Items listed in a dataset
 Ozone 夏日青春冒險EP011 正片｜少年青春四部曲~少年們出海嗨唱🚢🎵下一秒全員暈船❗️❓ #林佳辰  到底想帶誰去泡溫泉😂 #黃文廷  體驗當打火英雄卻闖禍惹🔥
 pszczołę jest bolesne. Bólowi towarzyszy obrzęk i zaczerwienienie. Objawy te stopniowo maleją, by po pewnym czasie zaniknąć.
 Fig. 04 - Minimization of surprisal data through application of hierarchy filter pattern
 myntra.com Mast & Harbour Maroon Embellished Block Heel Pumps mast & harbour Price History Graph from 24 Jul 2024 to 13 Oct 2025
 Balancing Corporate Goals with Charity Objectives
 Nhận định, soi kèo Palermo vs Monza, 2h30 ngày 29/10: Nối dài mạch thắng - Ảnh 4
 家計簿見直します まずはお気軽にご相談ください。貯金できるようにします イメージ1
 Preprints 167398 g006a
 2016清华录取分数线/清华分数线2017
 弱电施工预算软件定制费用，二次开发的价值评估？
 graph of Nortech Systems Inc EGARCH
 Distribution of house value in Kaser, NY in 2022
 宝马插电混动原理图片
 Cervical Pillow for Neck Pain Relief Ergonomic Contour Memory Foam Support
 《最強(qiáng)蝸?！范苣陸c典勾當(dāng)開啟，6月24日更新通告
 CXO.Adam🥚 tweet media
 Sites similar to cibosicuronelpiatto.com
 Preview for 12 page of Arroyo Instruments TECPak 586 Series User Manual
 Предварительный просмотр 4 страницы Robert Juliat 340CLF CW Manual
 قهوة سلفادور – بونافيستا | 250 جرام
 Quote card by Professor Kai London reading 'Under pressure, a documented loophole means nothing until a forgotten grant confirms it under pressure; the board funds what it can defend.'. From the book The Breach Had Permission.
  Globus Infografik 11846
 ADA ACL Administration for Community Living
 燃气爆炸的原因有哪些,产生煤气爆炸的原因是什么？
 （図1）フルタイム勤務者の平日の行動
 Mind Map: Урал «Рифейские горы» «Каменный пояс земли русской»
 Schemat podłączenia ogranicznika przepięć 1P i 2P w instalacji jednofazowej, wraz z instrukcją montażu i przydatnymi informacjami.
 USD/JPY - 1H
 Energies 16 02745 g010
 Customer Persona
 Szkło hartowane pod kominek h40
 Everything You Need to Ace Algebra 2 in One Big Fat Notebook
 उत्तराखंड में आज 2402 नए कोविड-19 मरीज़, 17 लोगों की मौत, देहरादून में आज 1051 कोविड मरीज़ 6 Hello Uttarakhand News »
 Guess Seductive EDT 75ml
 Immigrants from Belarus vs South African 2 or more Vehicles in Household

## WHAT TO PRODUCE
Tally up the lines holding the word "Manual" in the data above, and answer with that figure only.

## RESPONSE BOX
2